The first act witnesses an evolving gamesmanship between Sullivan and Garfinkle that is a mix of sexual attraction and corporate chess playing. Cohen’s Sullivan is a whiz at dealing with Shapiro’s twinkle-eyed innuendos and outright raunchy propositions, while at the same time combating his relentless corporate surge forward with such defense stratagems as “poison pills,” “white knights,” “greenmail” and other tactics that her company could use to defend itself. The fact that she has to painstakingly define these corporate maneuvers to the intractable Jorgenson does not bode well for the old firm.

Director Muirhead keeps the pace brisk, and he’s aided by designer Gary Lee Reed’s set, which has the corporate offices of New England Wire and Cable in Rhode Island on one side of the stage and Garfinkle’s New York digs on the other. It’s like watching a tennis match as Sullivan maneuvers between the two battlegrounds.    

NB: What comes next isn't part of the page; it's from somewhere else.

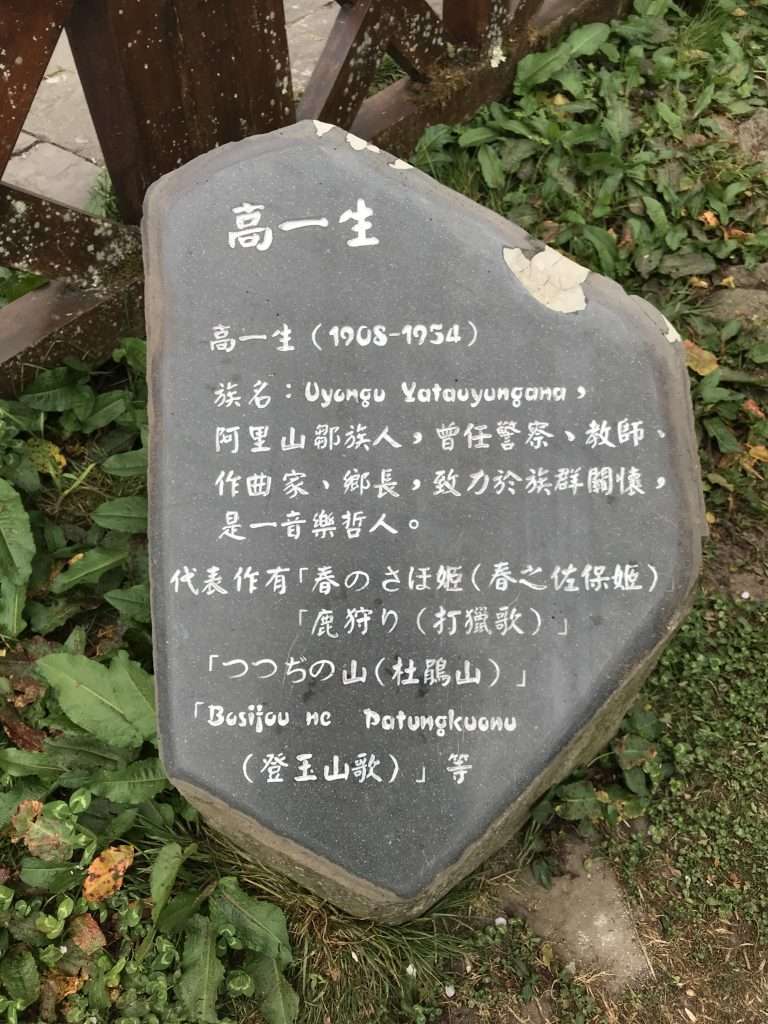 阿里山 沼平公園 2021 04 09 03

Mitigating the action only slightly are Kate’s unsettled hostility towards her mother Bea for abandoning her father to follow her true love, Jorgenson, along with Coles’ ongoing nervousness about his financial future with a  company that he will never get to run. As Bea, Harner offers a compelling presence, especially when she confronts Garfinkle in a feeble effort to save the company. As Coles, Heins is pitifully open and vulnerable as he attempts to ensure from Garfinkle some kind of financial security for himself and his family.

The second act moves more diligently towards the climactic stockholders meeting, wherein Minault’s Jorgenson exhibits the compelling leadership of a man who has been head of the company for 38 years, and who speaks eloquently about the needs of factory workers and the role their community should play in the decisions made by stockholders.  Shapiro’s Garfinkle is equally compelling, offering a strong argument for the importance of money in an everchanging world.